■ **Brief**
The copy you give must match the records exactly, except that it holds no images.

*** Begin section ***

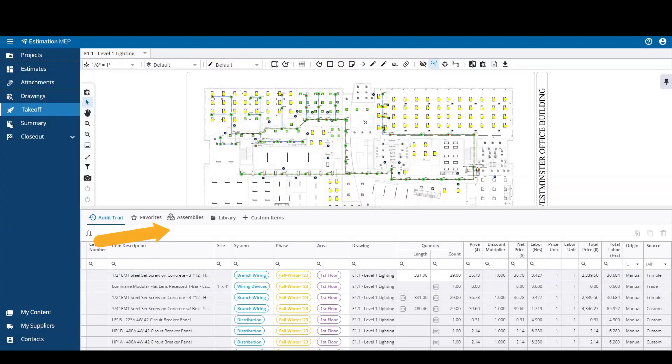Content is organized under the tabs to the right of the Audit Trail tab. All of the items that can be searched for and used in an estimate contain material pricing from Trade Service, and the labor data is from Trimble.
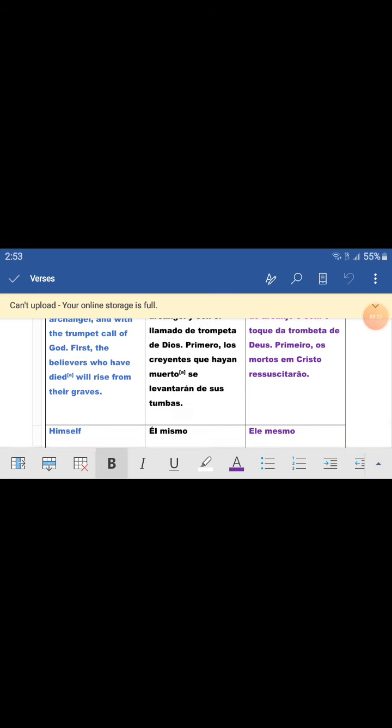First, primero, the believers, los creyentes, los mortos en Cristos, los crentes, who have died, que hayan muerto, os mortos will rise from their graves, se levantarán de sus tumbas, ressuscitarán.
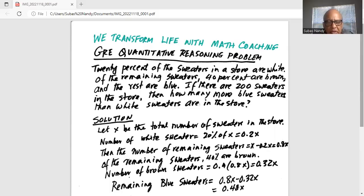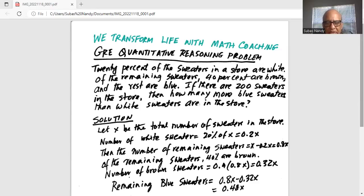Solution: Let X be the total number of sweaters in the store. The number of white sweaters is 0.2X, because 20% of X. Then the number of remaining sweaters is X minus 0.2X, which is 0.8X.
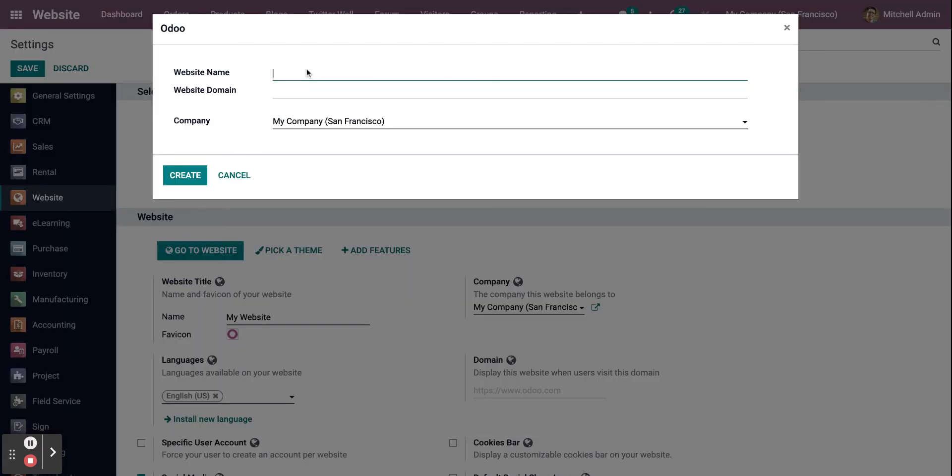You can enter the website name and website domain, let's say test. Click on create.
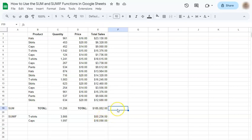And that's how easy it is to use the SUM and SUMIF functions in Google Sheets. Thanks for watching. If you found this video helpful, do leave a like and subscribe for more helpful videos. See you on the next one.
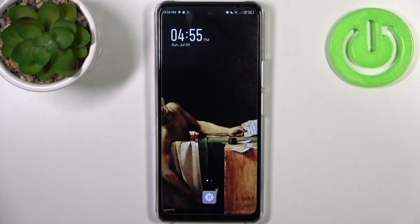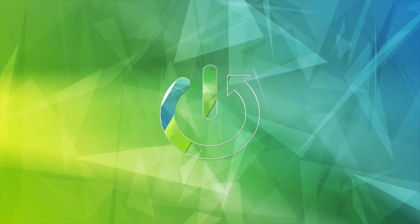Here I have Infinix Note 30 5G, and today I'm going to show you how to transfer files from internal storage to SD card on this device.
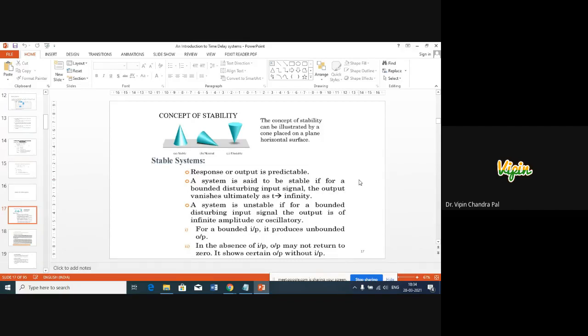In terms of stability, the internal stability criteria corresponds to the Lyapunov stability theory. The Lyapunov stability criteria has been used for the study of time delay systems.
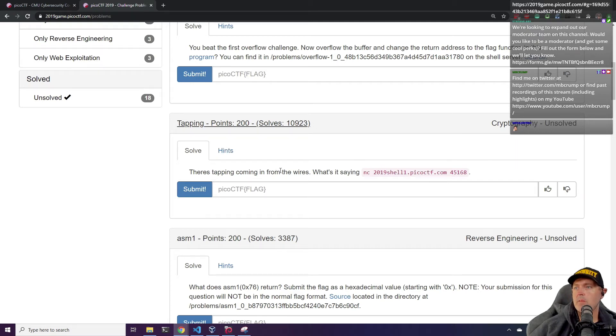OK, there's tapping coming from the wires. What's it saying? And it gives us an NC.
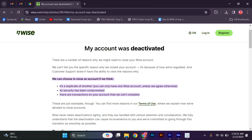Firstly, it's important to know that Wwise takes the security and integrity of our platform very seriously. We have strict policies in place to ensure the safety of our users and to prevent any fraudulent activities. If your account has been deactivated, it could be due to a violation of our terms and conditions. This could include activities such as sharing sensitive information, engaging in suspicious transactions, or using the platform for illegal purposes.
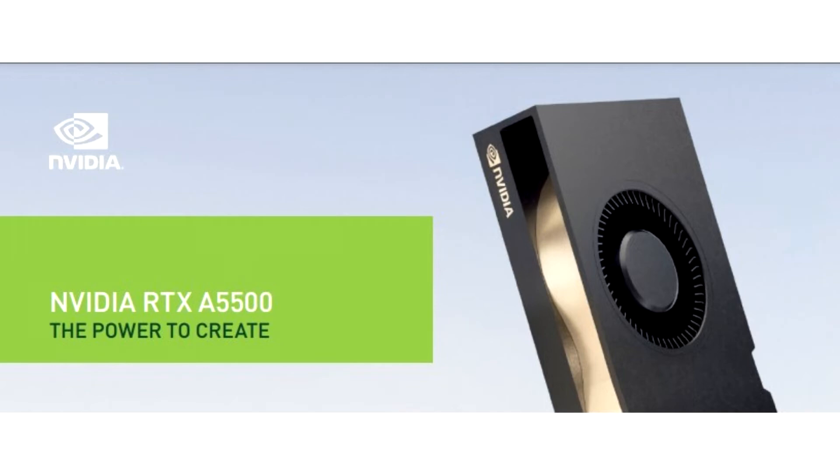The A5500 is being positioned a notch below the company's flagship ProViz product, the RTX A6000, which comes with 48 GB of memory.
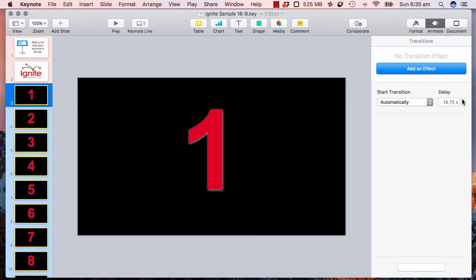So there it goes to 15 seconds and that is all you need to do to advance your timings or advance your slides every 15 seconds on Apple Keynote. All right.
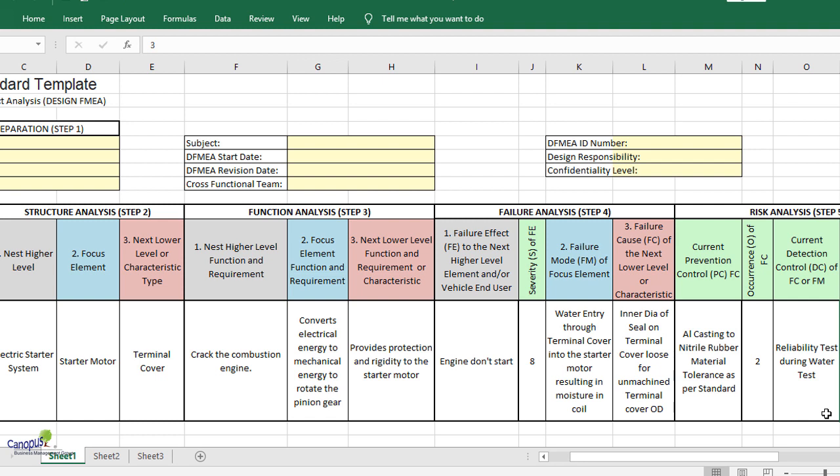In this example, the next lower level function is to provide protection and rigidity to the starter motor. And clearly, the cause here relating to that would be that the inner layer of the seal, one possible reason, inner layer of the seal on the terminal cover is loose enough for the unmachined terminal cover OD. There is a cap, a seal that's going and sitting on the OD of the terminal cover.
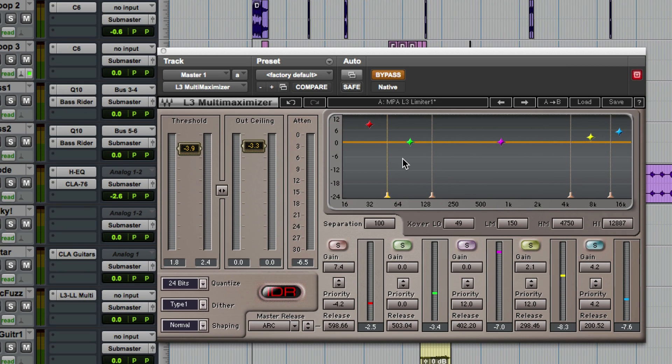With a multiband limiter you can control it better and tell it to overlook those powerful frequencies and create a much better balance across the frequency spectrum. You can concentrate more on limiting your mids and highs and pretty much tell the plug-in to ignore the low end if that's what you need.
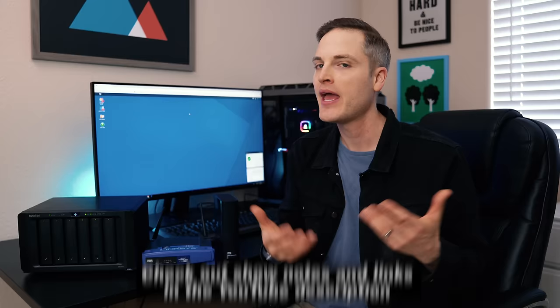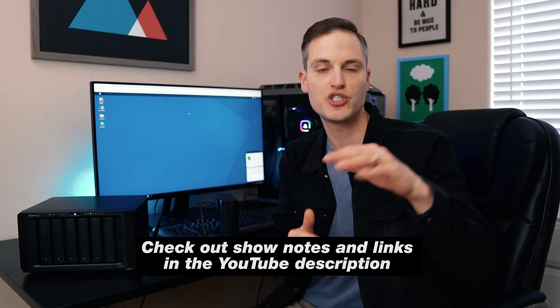Sean here with Think Media, bringing you the best tips and tools for building your influence with online video. On this channel we do a lot of tips and strategy videos as well as tech tutorials just like this one, so if you're new here consider subscribing. At any point during the video, we'll list all of the gear we mention in the show notes in the description, so check those out at any time.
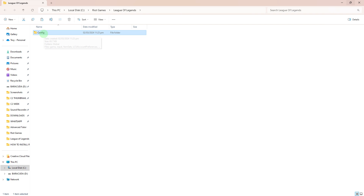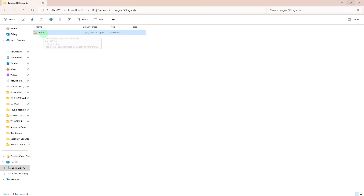Firstly, navigate to the League of Legends installation directory on your PC. The default location is located in C:/Riot Games, League of Legends.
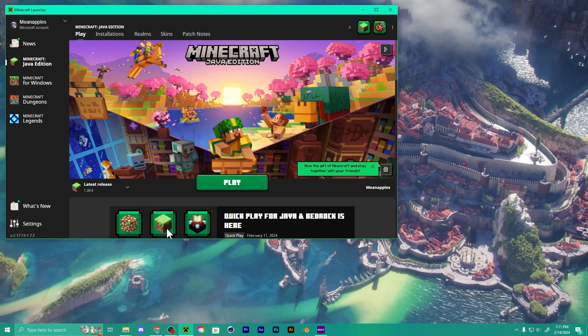What's going on guys, today I'm going to show you how to install OptiFine into your vanilla Minecraft so you can play with shaders.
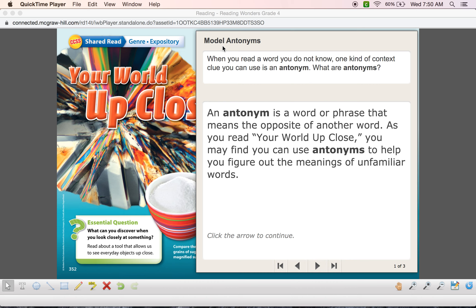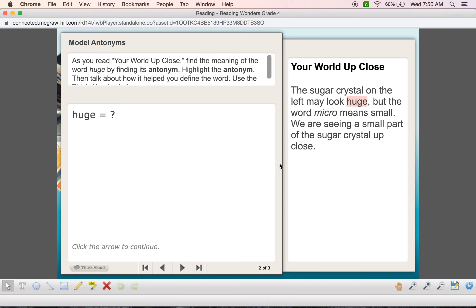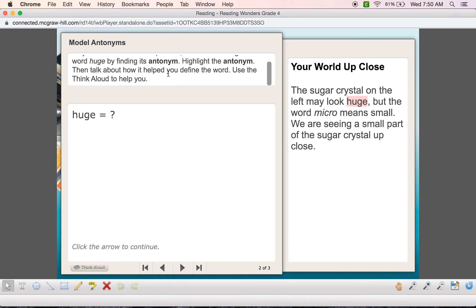You should have already read 'Your World Up Close' at least a couple of times. As you read, you may find that you can use antonyms to help figure out the meanings of unfamiliar words. We're going to find the meaning of the word 'huge' by finding its antonym, highlight the antonym, and think aloud about how we found it.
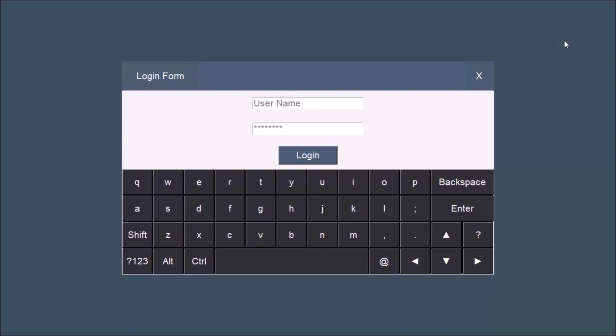For those who do not know what a shopping cart is, it's an application where you shop online and buy things from Mr. Python.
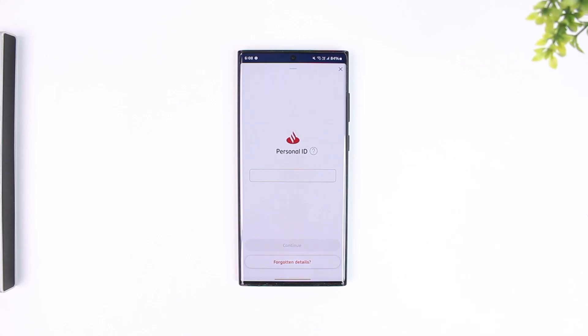And that's how you log into Santander mobile banking. I hope this video helped you. If you have any further questions, feel free to leave them in the comments below. Thank you for watching, and see you in the next video.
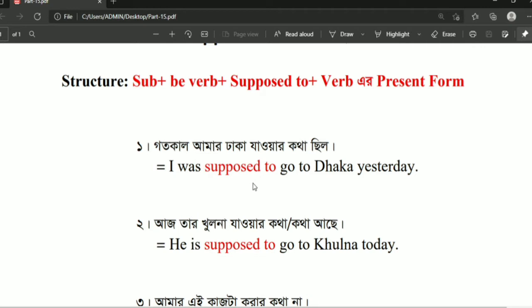Here we identify 'supposed to' in the sentence, and here we have the main verb 'go,' and then the object 'Dhaka yesterday.'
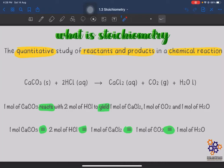Hi, Assalamualaikum warahmatullahi wabarakatuh and a very good evening everyone. Today we are going to continue for the second part, part B of subtopic 1.3 stoichiometry. In part B of stoichiometry, we are going to learn about limiting reactant.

*** End section ***

■ **Response**
Content is organized under the tabs to the right of the Audit Trail tab. All of the items that can be searched for and used in an estimate contain material pricing from Trade Service, and the labor data is from Trimble.
First, primero, the believers, los creyentes, los mortos en Cristos, los crentes, who have died, que hayan muerto, os mortos will rise from their graves, se levantarán de sus tumbas, ressuscitarán.
Solution: Let X be the total number of sweaters in the store. The number of white sweaters is 0.2X, because 20% of X. Then the number of remaining sweaters is X minus 0.2X, which is 0.8X.
You can enter the website name and website domain, let's say test. Click on create.
And that's how easy it is to use the SUM and SUMIF functions in Google Sheets. Thanks for watching. If you found this video helpful, do leave a like and subscribe for more helpful videos. See you on the next one.
Here I have Infinix Note 30 5G, and today I'm going to show you how to transfer files from internal storage to SD card on this device.
In terms of stability, the internal stability criteria corresponds to the Lyapunov stability theory. The Lyapunov stability criteria has been used for the study of time delay systems.
OK, there's tapping coming from the wires. What's it saying? And it gives us an NC.
Firstly, it's important to know that Wwise takes the security and integrity of our platform very seriously. We have strict policies in place to ensure the safety of our users and to prevent any fraudulent activities. If your account has been deactivated, it could be due to a violation of our terms and conditions. This could include activities such as sharing sensitive information, engaging in suspicious transactions, or using the platform for illegal purposes.
The A5500 is being positioned a notch below the company's flagship ProViz product, the RTX A6000, which comes with 48 GB of memory.
So there it goes to 15 seconds and that is all you need to do to advance your timings or advance your slides every 15 seconds on Apple Keynote. All right.
In this example, the next lower level function is to provide protection and rigidity to the starter motor. And clearly, the cause here relating to that would be that the inner layer of the seal, one possible reason, inner layer of the seal on the terminal cover is loose enough for the unmachined terminal cover OD. There is a cap, a seal that's going and sitting on the OD of the terminal cover.
With a multiband limiter you can control it better and tell it to overlook those powerful frequencies and create a much better balance across the frequency spectrum. You can concentrate more on limiting your mids and highs and pretty much tell the plug-in to ignore the low end if that's what you need.
Sean here with Think Media, bringing you the best tips and tools for building your influence with online video. On this channel we do a lot of tips and strategy videos as well as tech tutorials just like this one, so if you're new here consider subscribing. At any point during the video, we'll list all of the gear we mention in the show notes in the description, so check those out at any time.
Firstly, navigate to the League of Legends installation directory on your PC. The default location is located in C:/Riot Games, League of Legends.
What's going on guys, today I'm going to show you how to install OptiFine into your vanilla Minecraft so you can play with shaders.
You should have already read 'Your World Up Close' at least a couple of times. As you read, you may find that you can use antonyms to help figure out the meanings of unfamiliar words. We're going to find the meaning of the word 'huge' by finding its antonym, highlight the antonym, and think aloud about how we found it.
For those who do not know what a shopping cart is, it's an application where you shop online and buy things from Mr. Python.
And that's how you log into Santander mobile banking. I hope this video helped you. If you have any further questions, feel free to leave them in the comments below. Thank you for watching, and see you in the next video.
Here we identify 'supposed to' in the sentence, and here we have the main verb 'go,' and then the object 'Dhaka yesterday.'
Hi, Assalamualaikum warahmatullahi wabarakatuh and a very good evening everyone. Today we are going to continue for the second part, part B of subtopic 1.3 stoichiometry. In part B of stoichiometry, we are going to learn about limiting reactant.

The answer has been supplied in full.